__Problem to work on__.
From the line containing "רָחֵל מְבַכָּה עַל" through the last line below, copy every line exactly, leaving out the pictures.

__Given data__.
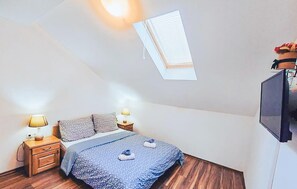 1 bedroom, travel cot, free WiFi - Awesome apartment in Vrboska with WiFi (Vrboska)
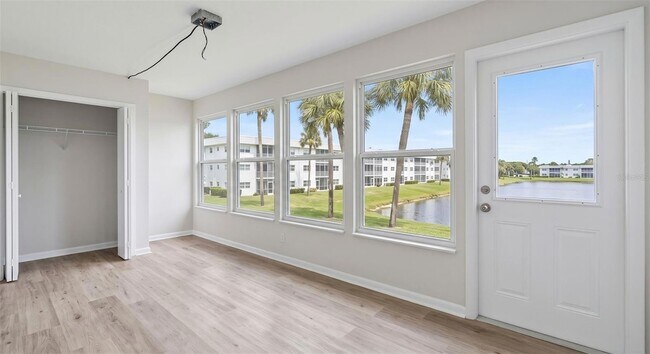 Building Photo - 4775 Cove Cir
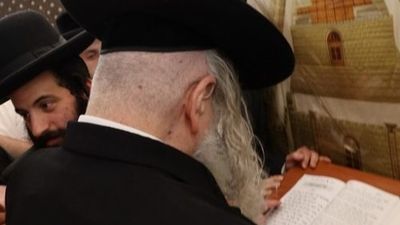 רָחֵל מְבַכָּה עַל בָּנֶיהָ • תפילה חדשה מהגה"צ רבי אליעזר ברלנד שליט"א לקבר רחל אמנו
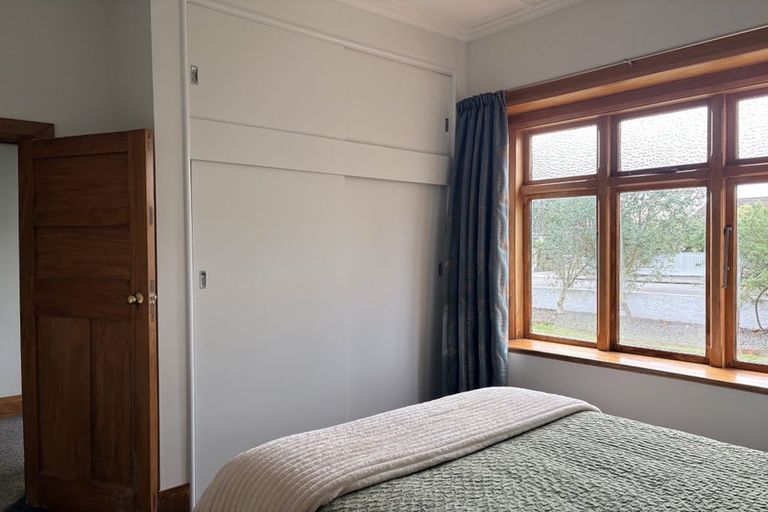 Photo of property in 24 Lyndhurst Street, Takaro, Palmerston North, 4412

__Task answer__.
 רָחֵל מְבַכָּה עַל בָּנֶיהָ • תפילה חדשה מהגה"צ רבי אליעזר ברלנד שליט"א לקבר רחל אמנו
 Photo of property in 24 Lyndhurst Street, Takaro, Palmerston North, 4412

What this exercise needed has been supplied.